When discussing her career options, a high school physics teacher told her, "As long as you stay away from science, you should do OK." However, Rubin was passionate about astronomy having watched stars late into the night and built her own telescope at the age of 14. After graduating, she was rebuffed by Princeton from their graduate school because women weren't accepted on the course (this held until 1975). By this time she had one child and another on the way.
She looked for a problem she could do at her own pace that was family friendly. She resisted the fashionable study of black holes to focus on a little known area, the examination of the orbit of galaxies. She noticed a curious phenomenon. The stars on the outer rim of galaxies travelled as fast as those in the centre. This was unexpected. It was either Newton’s gravitation laws failed, or a huge amount of invisible mass was holding the stars together. This unseen substance has since been called dark matter. After studying 200 galaxies, there was a gradual and grudging acceptance of her work. Nowadays it's believed that more than 90 percent of the universe is composed of dark energy and dark matter “and now," Rubin said,"we learn that we are just studying the 5% or 10% that is luminous.”
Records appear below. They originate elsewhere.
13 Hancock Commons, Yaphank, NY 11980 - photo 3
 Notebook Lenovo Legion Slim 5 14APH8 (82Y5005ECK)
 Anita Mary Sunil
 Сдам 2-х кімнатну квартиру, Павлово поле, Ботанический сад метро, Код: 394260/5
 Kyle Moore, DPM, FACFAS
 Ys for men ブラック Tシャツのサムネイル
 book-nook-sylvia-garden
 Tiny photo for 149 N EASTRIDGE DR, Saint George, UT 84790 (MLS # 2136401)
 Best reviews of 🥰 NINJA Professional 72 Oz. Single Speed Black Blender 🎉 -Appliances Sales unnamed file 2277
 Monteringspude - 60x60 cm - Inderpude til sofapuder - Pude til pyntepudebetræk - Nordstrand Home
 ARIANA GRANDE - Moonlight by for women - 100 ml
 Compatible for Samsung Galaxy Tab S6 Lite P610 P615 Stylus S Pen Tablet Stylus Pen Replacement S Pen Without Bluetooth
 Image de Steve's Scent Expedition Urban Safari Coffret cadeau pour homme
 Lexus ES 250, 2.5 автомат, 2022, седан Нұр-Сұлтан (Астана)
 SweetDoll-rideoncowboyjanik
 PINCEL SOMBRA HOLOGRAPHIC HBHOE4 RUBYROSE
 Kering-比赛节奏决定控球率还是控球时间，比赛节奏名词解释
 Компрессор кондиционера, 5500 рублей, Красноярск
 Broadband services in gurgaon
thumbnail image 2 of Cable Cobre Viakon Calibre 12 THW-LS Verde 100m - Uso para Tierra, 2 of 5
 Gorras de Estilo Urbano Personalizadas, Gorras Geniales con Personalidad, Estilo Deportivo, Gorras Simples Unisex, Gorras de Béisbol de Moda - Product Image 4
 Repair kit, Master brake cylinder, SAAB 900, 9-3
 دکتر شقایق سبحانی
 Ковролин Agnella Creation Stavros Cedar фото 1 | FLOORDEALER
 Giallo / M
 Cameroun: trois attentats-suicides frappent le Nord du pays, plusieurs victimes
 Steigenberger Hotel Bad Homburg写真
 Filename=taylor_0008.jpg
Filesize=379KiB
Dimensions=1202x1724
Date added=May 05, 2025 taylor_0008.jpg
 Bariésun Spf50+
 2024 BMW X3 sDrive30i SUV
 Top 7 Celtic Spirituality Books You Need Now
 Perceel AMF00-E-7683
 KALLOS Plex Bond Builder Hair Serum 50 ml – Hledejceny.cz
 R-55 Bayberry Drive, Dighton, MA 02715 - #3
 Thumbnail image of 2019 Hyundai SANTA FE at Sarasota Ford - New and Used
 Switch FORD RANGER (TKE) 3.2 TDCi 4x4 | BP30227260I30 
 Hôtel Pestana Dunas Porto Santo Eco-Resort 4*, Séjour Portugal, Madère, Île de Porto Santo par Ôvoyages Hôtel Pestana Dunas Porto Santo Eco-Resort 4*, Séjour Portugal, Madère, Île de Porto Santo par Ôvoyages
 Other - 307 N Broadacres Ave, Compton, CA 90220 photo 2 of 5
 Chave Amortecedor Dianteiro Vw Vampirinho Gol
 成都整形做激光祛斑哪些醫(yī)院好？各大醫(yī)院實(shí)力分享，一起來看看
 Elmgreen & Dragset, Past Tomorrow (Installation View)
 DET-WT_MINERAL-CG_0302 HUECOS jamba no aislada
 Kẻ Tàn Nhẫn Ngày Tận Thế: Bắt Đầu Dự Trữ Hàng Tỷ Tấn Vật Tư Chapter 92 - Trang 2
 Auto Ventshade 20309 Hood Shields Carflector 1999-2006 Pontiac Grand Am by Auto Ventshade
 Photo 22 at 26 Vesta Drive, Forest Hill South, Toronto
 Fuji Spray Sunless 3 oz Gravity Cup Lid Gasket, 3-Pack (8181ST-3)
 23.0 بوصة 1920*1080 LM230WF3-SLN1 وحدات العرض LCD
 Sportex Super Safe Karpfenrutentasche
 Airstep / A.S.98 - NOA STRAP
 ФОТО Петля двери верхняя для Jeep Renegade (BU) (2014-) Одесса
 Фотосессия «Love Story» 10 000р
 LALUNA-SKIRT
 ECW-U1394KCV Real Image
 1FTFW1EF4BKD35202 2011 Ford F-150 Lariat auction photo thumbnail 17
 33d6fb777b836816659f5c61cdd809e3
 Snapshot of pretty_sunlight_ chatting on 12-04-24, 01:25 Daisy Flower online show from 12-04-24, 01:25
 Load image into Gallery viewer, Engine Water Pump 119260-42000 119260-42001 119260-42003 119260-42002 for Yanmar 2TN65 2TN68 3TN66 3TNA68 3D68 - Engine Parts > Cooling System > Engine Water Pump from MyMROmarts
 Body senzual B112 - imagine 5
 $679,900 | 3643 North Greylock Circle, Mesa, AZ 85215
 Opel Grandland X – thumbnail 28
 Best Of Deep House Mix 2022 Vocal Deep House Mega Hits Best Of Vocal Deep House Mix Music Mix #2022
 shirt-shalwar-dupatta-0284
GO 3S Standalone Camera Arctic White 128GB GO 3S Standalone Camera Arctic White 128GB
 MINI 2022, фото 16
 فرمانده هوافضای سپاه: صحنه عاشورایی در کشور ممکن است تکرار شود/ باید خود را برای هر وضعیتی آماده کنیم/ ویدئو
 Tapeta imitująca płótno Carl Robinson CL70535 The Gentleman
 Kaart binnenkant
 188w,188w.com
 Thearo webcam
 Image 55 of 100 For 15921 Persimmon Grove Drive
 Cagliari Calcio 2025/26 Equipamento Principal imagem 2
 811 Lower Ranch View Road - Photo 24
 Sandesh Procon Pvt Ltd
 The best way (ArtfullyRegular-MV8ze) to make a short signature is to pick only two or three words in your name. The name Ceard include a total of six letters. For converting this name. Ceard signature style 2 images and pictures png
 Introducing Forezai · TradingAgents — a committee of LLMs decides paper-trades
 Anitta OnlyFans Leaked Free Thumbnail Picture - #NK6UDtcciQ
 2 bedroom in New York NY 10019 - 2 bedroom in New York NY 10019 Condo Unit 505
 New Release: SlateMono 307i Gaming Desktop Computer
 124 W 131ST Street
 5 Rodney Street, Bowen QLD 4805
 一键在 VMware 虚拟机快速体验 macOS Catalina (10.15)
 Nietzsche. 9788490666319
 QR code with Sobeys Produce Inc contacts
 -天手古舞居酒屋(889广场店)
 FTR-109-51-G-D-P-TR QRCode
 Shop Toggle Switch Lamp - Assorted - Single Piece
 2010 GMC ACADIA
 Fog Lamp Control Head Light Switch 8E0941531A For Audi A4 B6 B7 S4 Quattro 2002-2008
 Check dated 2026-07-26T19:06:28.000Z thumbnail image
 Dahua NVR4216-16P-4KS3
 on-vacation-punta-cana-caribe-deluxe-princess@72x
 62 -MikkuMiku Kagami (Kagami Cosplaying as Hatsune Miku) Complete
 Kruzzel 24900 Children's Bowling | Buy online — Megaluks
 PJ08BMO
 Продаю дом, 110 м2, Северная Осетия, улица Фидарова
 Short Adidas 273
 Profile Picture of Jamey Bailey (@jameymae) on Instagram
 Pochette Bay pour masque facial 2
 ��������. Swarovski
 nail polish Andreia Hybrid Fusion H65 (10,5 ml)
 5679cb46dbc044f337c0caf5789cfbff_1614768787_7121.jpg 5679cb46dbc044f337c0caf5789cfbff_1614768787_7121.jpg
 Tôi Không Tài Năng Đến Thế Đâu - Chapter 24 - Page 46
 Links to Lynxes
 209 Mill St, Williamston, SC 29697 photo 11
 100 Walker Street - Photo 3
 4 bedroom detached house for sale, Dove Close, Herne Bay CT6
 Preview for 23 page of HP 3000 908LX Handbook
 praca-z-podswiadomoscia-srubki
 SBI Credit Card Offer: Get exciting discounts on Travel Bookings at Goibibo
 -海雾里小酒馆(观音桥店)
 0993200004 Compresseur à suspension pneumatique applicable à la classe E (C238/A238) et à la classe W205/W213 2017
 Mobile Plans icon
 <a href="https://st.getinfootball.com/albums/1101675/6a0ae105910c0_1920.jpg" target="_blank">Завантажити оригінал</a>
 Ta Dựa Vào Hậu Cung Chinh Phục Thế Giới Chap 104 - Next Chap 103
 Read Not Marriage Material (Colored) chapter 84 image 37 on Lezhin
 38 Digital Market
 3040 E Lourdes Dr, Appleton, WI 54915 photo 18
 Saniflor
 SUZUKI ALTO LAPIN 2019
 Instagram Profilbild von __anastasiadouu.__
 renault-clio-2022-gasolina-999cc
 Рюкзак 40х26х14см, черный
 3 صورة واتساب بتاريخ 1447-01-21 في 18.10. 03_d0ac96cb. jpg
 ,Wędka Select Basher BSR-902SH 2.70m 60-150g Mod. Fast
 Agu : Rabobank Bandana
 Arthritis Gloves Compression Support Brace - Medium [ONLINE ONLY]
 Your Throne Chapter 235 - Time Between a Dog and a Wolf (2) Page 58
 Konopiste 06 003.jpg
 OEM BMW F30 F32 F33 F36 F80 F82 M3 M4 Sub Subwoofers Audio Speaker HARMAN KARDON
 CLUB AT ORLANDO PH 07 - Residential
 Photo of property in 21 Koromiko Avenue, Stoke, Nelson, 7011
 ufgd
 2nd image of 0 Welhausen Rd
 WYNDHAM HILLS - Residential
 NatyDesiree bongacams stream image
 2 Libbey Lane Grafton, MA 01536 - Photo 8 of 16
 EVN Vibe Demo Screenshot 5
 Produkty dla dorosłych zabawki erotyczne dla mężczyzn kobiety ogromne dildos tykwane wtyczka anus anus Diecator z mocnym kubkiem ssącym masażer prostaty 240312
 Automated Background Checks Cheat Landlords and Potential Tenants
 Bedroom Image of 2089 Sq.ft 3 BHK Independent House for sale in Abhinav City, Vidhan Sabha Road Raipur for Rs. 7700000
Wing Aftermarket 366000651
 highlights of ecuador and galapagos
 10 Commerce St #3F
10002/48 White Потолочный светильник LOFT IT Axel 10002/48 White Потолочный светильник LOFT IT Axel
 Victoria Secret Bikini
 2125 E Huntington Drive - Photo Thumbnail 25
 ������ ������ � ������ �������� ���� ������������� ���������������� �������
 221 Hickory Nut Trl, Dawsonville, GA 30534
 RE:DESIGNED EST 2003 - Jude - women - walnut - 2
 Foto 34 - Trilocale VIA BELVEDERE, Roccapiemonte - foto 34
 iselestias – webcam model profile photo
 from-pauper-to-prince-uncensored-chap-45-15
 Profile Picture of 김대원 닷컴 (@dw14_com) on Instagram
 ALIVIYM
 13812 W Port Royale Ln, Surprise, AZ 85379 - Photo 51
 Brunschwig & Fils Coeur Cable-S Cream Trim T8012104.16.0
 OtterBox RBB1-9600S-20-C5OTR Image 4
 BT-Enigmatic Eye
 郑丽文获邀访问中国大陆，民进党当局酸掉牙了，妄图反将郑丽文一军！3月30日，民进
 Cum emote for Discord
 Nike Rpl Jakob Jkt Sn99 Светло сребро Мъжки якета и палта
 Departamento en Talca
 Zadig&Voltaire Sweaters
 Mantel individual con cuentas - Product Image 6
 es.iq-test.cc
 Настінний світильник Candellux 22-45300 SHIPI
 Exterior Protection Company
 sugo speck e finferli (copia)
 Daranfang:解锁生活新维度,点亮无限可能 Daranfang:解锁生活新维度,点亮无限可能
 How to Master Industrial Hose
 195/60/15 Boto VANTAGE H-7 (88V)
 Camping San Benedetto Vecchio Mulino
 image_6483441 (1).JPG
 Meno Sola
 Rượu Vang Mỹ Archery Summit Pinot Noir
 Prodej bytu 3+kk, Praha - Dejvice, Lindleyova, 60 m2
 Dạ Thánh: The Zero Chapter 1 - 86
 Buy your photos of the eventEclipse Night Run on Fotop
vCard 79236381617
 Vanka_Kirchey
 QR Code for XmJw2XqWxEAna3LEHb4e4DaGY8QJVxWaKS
She was eventually elected to the National Academy of Science, awarded the National Medal of Science in 1993 and the Gold Medal of the Royal Astronomical Society in 1996 - the first woman to receive it since 1828.
Her advice on balancing work and family life was to “just sort of muddle through. It gets easier.” It helped that she had a supportive husband and a large house. “The kids had their rooms, and I never cared what they looked like,” she said..
In addition to her transformational work, she was a passionate advocate of women in science. She wrote, "I live and work by three basic assumptions
- There is no problem that can be solved by a man that cannot be solved by a woman.
- Worldwide, half of all brains are in women.
- We all need permission to do science, but, for reasons that are deeply ingrained in history, this permission is given to more men than it is to women."